One need only read California's newspapers to see what is fuelling such bleak forecasts. Orange County's disastrous experiments with leverage and derivatives have sent shockwaves through the state and the huge munipical bond community. Losses to the county's $7.5bn investment fund may have been underestimated at $1.5bn.

These losses will affect not only big county projects, such as a planned $3bn expansion of Disneyland, but also the fortunes of the 180 municipalities and government agencies that invested in the fund. Moreover, big losses on Wall Street and a possible lawsuit against Merrill Lynch, which played a central role in the county's investment strategy, are expected fallouts.

In the meantime, government officials are attempting to halt panicked selloffs in the municipal bond markets, and the Securities & Exchange Commission is promising a full-scale investigation. The scandal in Orange County, plus Bankers Trust's continuing difficulties with derivatives and word that the Fidelity Magellan mutual fund has somehow lost track of a $1.4bn loss, are shaking public confidence in the competence of the financial community. But the money managers agree that these unrelated problems are temporary setbacks that will soon fade from memory.

More worrying is the prospect of bitter politics over the next two years. Despite pledges of bipartisan agendas by both parties, none of the money managers believes this will be the result. They expect Republicans to try and lock in their power, and Democrats, in their unfamiliar minority role, to fight them every step of the way.

They also expect a weakened President Clinton to be further weakened by challenges from within his party and by a reinvigorated Whitewater investigation led by Republicans. Some fear the legal battles will become so time consuming and contentious that MrClinton may be forced to stand down. With the ultimate prize of the presidency "out there dangling," said one veteran money manager, "you know the politics are going to be nasty."

None of this bodes well for business or public confidence. These sophisticated professionals are betting on political gridlock and more upheavals. Most in this crowd are "hawks" on deficit-reduction but do not expect much progress on that front. Armed with copies of memos obtained from a bipartisan deficit-reduction commission in Washington, the managers shake their heads and predict that none of the recommendations will be adopted.

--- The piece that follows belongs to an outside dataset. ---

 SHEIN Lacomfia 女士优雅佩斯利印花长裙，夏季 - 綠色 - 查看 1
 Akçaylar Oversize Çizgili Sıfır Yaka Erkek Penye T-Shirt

The Entitlement and Tax Reform Commission, co-chaired by Senator Bob Kerrey, a Democrat, and Senator John Danforth, a Republican, met last week to review the options it will present to the President Among them are controversial proposals to raise the eligibility age for Social Security benefits to 70, to cut Medicare benefits to those above specified income levels, and to reduce tax deductions for wealthier taxpayers.

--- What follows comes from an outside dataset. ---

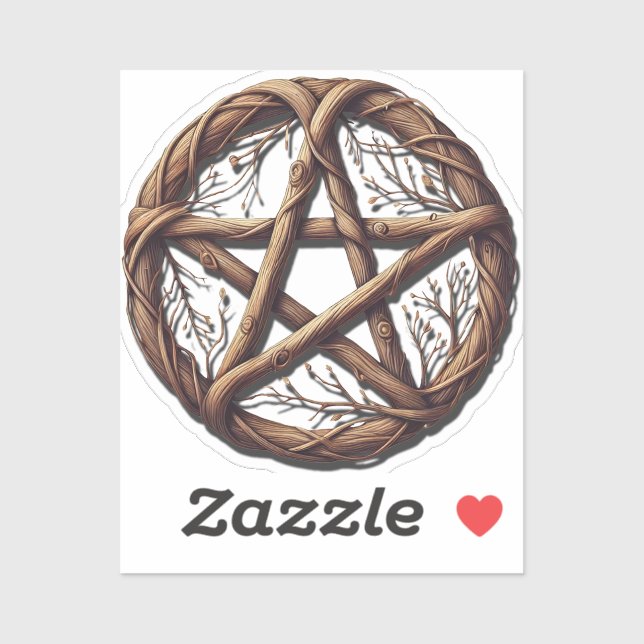 Adesivo Wood Twig Pentacle Wiccan Wedding (Folha)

In a joint letter to commission members, the co-chairmen said that without prompt action to reduce costs of these entitlement programmes, the US economy will remain mired in severe budgetary constraints for the forseeable future. There will be no money for public works, education and crime control projects. Social Security, Medicare and other programmes, when added to interest payments on the national debt, now account for 60 per cent of government spending. Without action in these entitlement areas, all other efforts to reduce the budget are relatively meaningless.

However, as the money managers predicted, there is little support in Congress from either side. One Republican commission member said deliberations, on the eve of presenting recommendations to the President, were close to "meltdown", and Martin Sabo, outgoing Democratic chairman of the House Budget Committee, said support for such tough action was unlikely. So far, the money managers have called it right.